Yanlış tercihlerle kurulan yuvalar her gün hayatımızda bir başka aksaklılığı ile karşımıza çıkıyor. İmanının gereğini yerine getirmek isteyen kadın ve dünyadan kam almak isteyen bir erkek ya da tam tersi bir aile veya iman yolunu seçmiş günahlardan uzak durmak isteyen bir çocuğun neler yaşadığını ya da ona kendini Müslüman olarak tanıtan ailesinin neler yaptıklarını görüyoruz.

Günümüzde de saçının rengi, gözünün rengi, banka hesabı, boyu posu, makamı mevkisi vs.ne bakarak yapılan eş tercihleri kişiyi; içki teklifleri, kumar teklifleri, faizle alış veriş teklifleri, yalan, iftira, dedikodularla dolu bir hayata doğru sürüklemektedir. Müslüman, Allah sevgisini, mal ve evlat sevgisine tercih etmeli, mal ve evlat kaygılarıyla uğraşırken Allah’ın emri olan ibadetini ve itaatini bozmamalıdır. Evlatlarına mal biriktireceğim diye haccından ve zekâtından geri kalıp faize dalmamalıdır.

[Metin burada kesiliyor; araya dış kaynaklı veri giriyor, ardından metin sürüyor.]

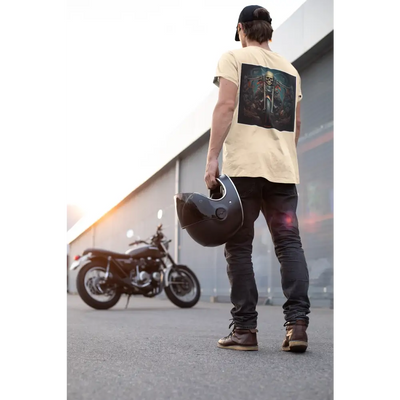 Motorcyclist with helmet near parked motorcycle in Off-white Rider’s Half Sleeve T-shirt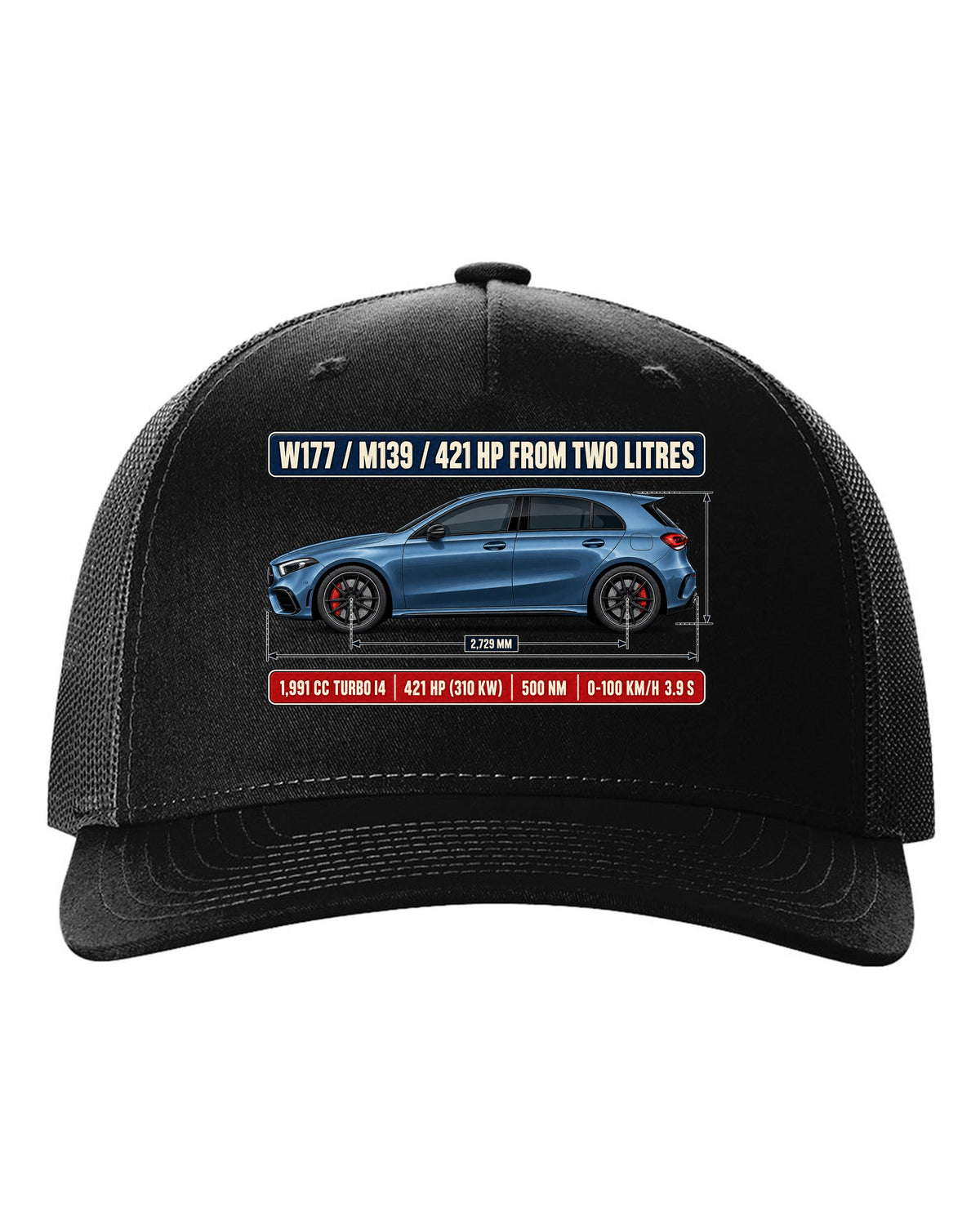 Mercedes-AMG A45 S W177 chback dimension blueprint print black hat front view with the design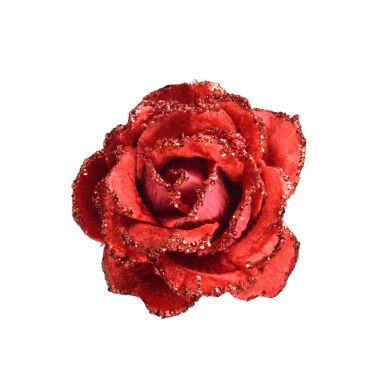 Red Velvet Rose Clip On Decoration  - 10cm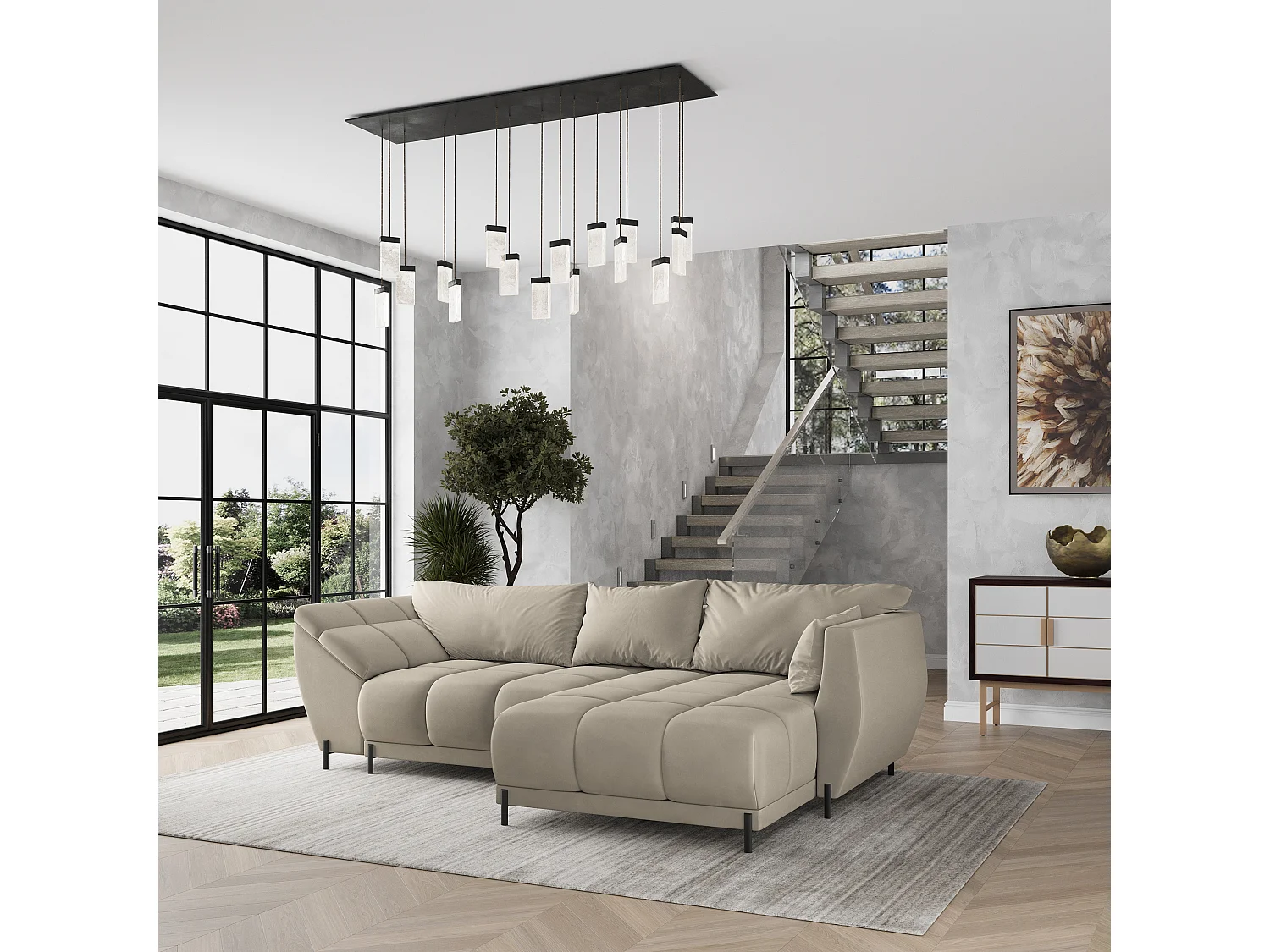 Hoekbank VESTANO van fluweel met slaapfunctie Beige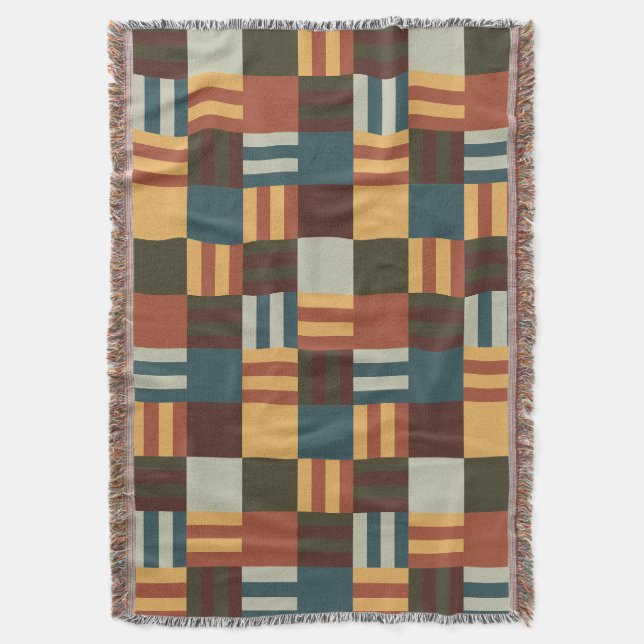 Mid Century Blocks Throw Blanket (Front Vertical)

Eşimiz ve evlatlarımız bizim için birer imtihan sebebidir. Onlara tutulup zahmetlerine katlanırız. Bazen bilmeden bazen de bile bile onlar için günaha sürükleniriz. İşte bizi böyle günaha teşvik eden eşlere ve çocuklara karşı dikkatli olmalıyız. Dünya hayatı da aile hayatı da geçicidir. Hatta evlat olmak anne ve baba olmak bile tamamen biyolojik bir sebeptir. Ahiret hayatı sıhriyet bağlarını yok eder ve manevî bağları yaşatır. Allah’ı inkâr eden ya da ona ortaklar koşan kişiler babalarımız annelerimiz ya da evlatlarımız da olsa onlara karşı manevî bir sevgi beslememiz yasaklanmıştır. İbrahim a.s.’ın müşrik olan babasının affı için dua etmesi, Nuh a.s.’ın da müşrik oğlunun affedilmesi ve fırtınadan kurtarılması için yaptıkları duaların şiddetle reddedilmesi bize ibretli birer örnektir. Allah’ın affı için iman şarttır.

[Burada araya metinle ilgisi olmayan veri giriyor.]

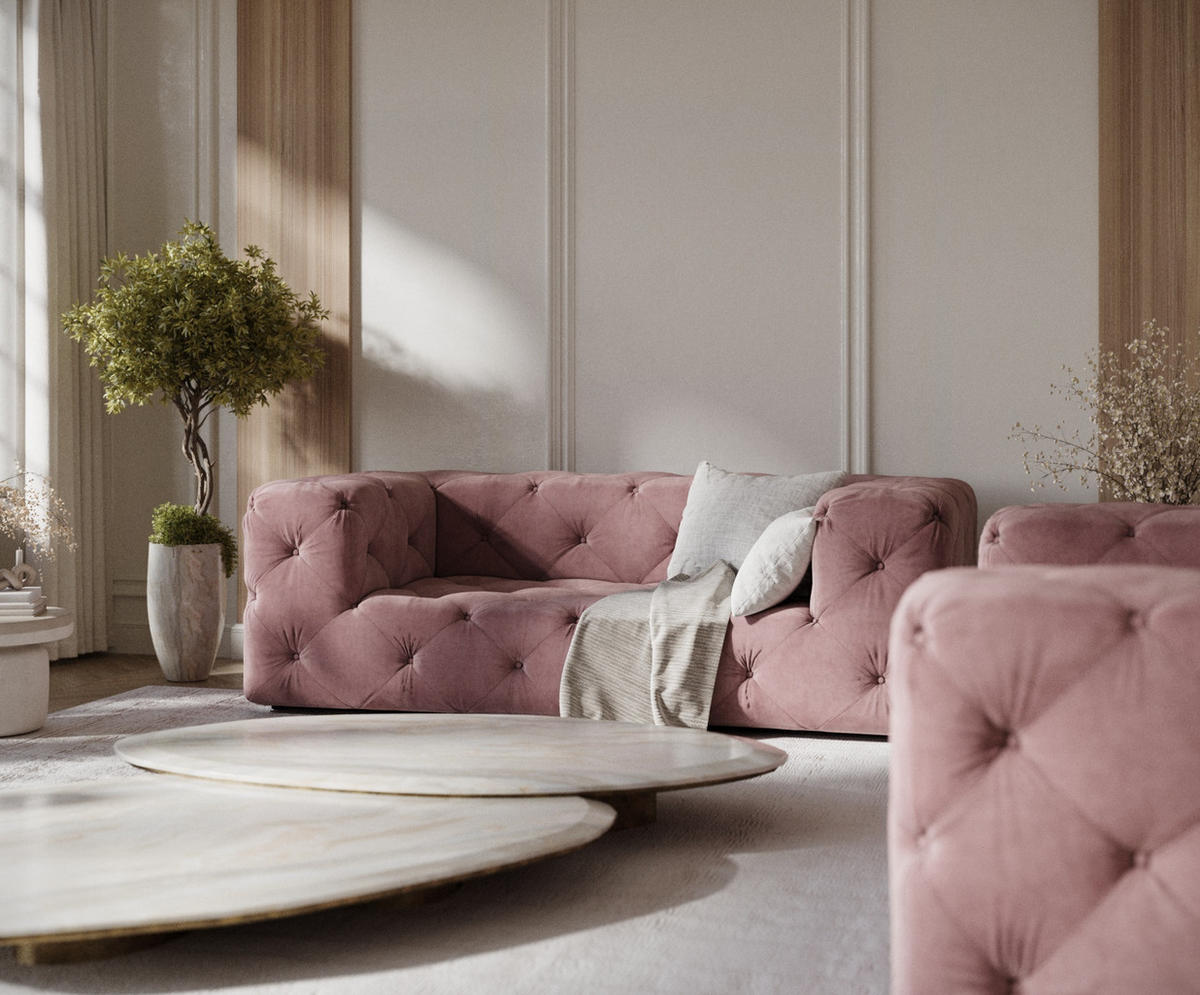 2-SITZER-SOFA Cosimo Rosa Samtstoff - Schwarz/Rosa, Holz/Holzwerkstoff (193/71/100cm) - Maison de Reve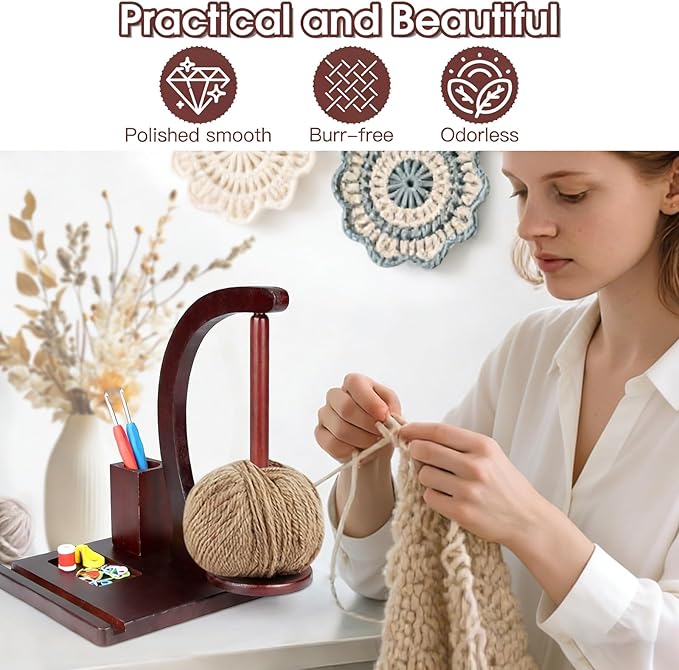 Magnetic Yarn Holder for Knitting and Crocheting,Wooden Crochet Yarn Holder,Crochet Yarn Holder with Crochet Hooks Knitting Tools for Knitting Lovers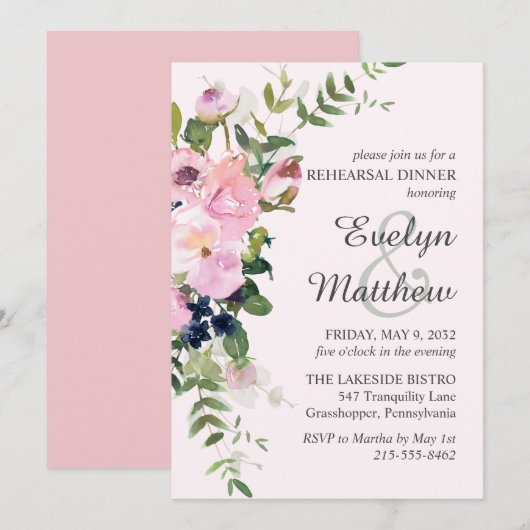 Blush Roze Rose Floral Bouquet Rehearsal Kaart (Voorkant / Achterkant)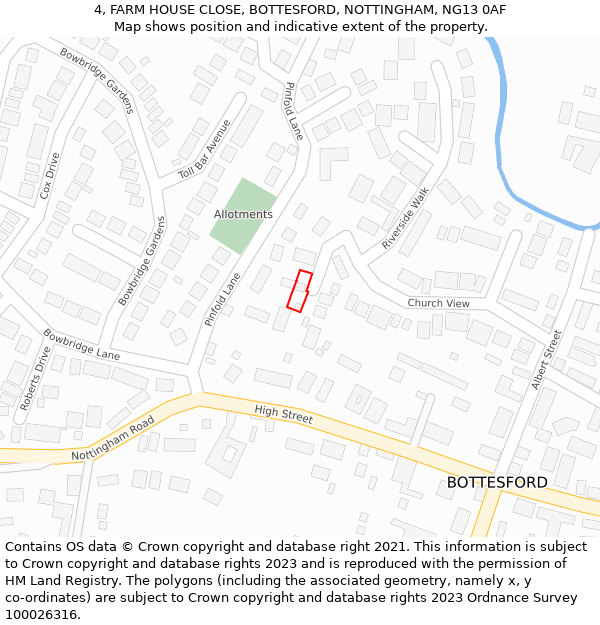4, FARM HOUSE CLOSE, BOTTESFORD, NOTTINGHAM, NG13 0AF: Location map and indicative extent of plot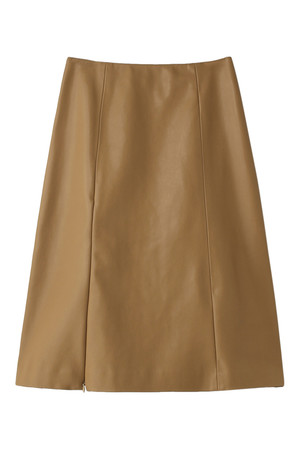  SALE 【50%OFF】 [AULA AILA アウラ アイラ] SMOOTH LEATHER SKIRT キャメル 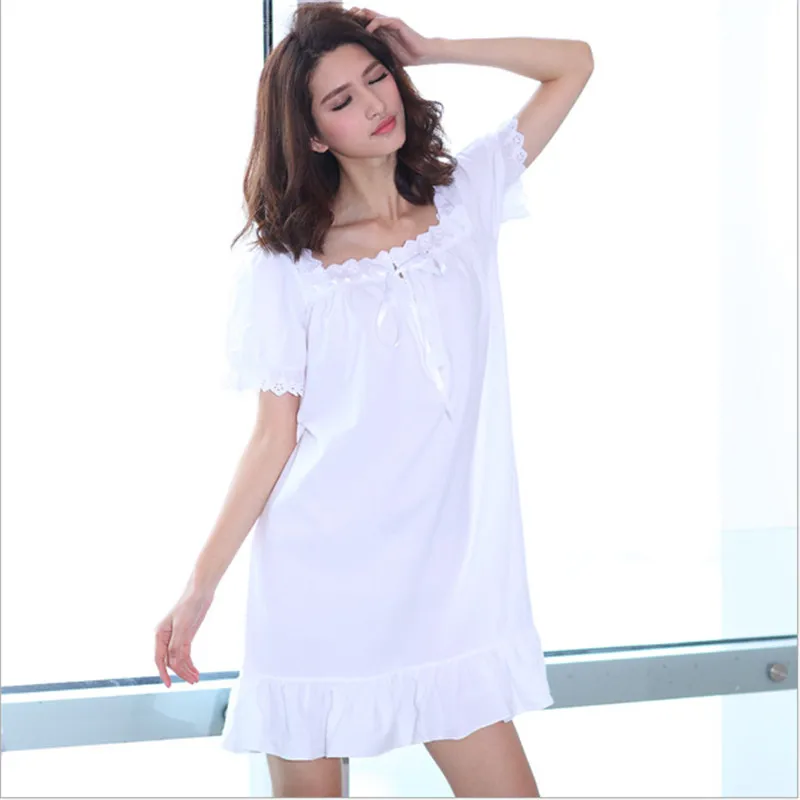 Новинка, женские ночные рубашки в европейском и американском стиле, милое цветное сексуальное платье принцессы с цветочным принтом для сна для женщин - Цвет: Белый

Günah da olsa dünya refahı ve zenginliğinden pay almak isteyip eşinde karşılık bulamayan taraf için karşı taraf dünyadaki en büyük talihsizliğidir. Diğer taraf için de durum aynıdır. Ancak Allah’ın emirlerine itaati seçen taraf sabreder ve onların da ıslahı için gayret ederse eş ve çocukları onun cennet biletleri olurlar.

Mü’min gaflet edebilir, maişet derdiyle, mal ve evlat endişesiyle bazen böyle bir zaafa düşebilir. Böyle bir durumda mallarımız ve evlatlarımızın kazanmamız gereken imtihanımız olduğunu unutmamalıyız.